Revenue increased for the three months ended March 31, 2023 compared to the
three months ended March 31, 2022. Our ARPU increased 2% from $535 for the three
months ended March 31, 2022 to $546 for the three months ended March 31, 2023,
while our number of paying users slightly decreased 2% from approximately
894,400 as of March 31, 2022 to approximately 878,600 as of March 31, 2023.

Revenue growth was driven by an increase of $5.5 million, or 13%, in our
sales-assisted channel, as a result of the ongoing refinement of our pricing and
packaging that has driven an increase in customer upgrades and expansion, which
was slightly offset by a decrease of $3.7 million, or (5%), in our self-serve
channel. Revenue from our sales-assisted channel accounted for 39% and 35% of
revenue for the three months ended March 31, 2023 and 2022, respectively.

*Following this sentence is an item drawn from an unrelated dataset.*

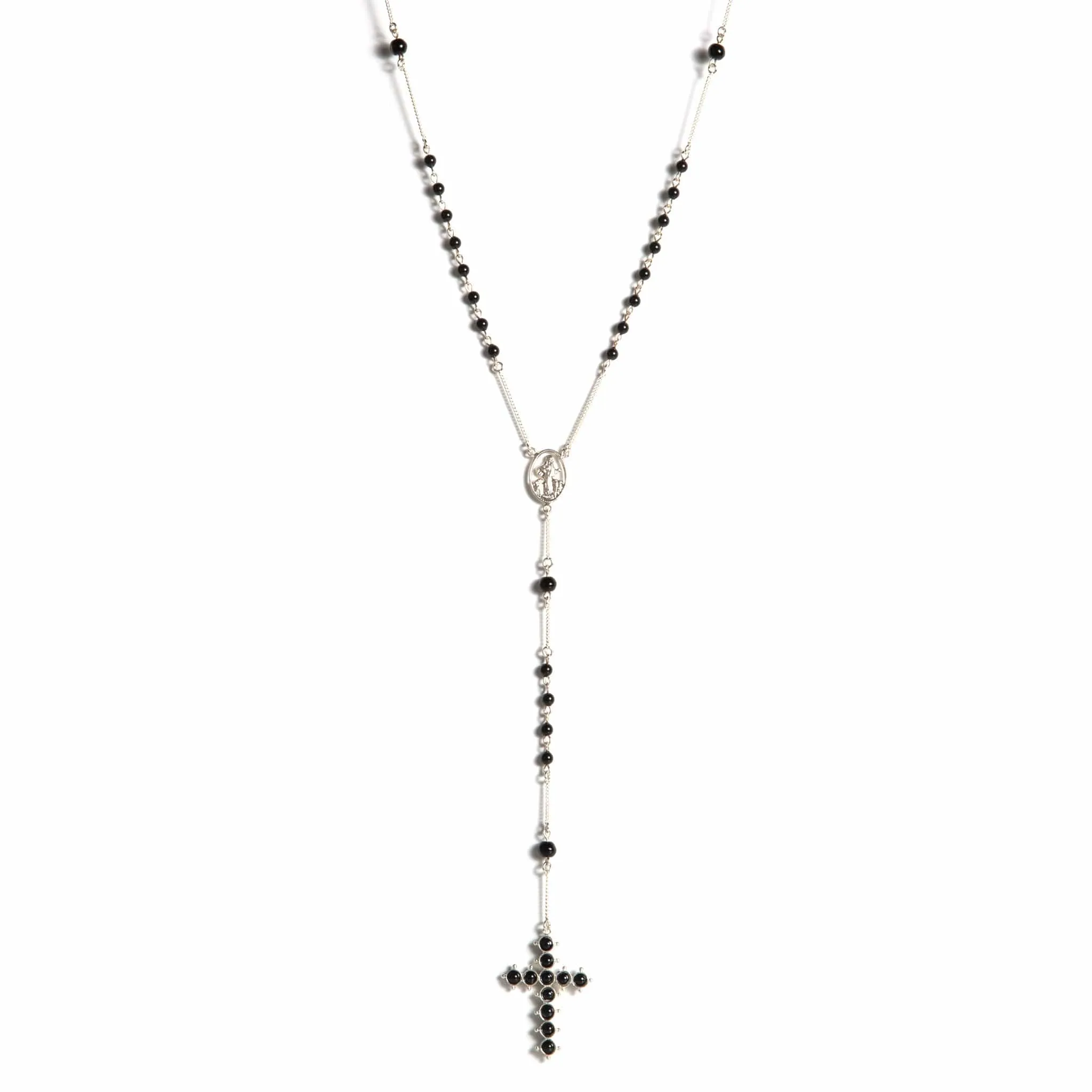 Saint Mia Rosary Style Necklace - Mystic Black Pearl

Cost of revenue decreased for the three months ended March 31, 2023 compared to
the three months ended March 31, 2022, primarily due to a $2.1 million decrease
in the amortization of capitalized software and intangible assets related to our
prior acquisitions, and a $0.9 million decrease in personnel costs due to
headcount reduction from our restructuring activities, offset by a $0.7 million
increase in web hosting costs and payment processing fees.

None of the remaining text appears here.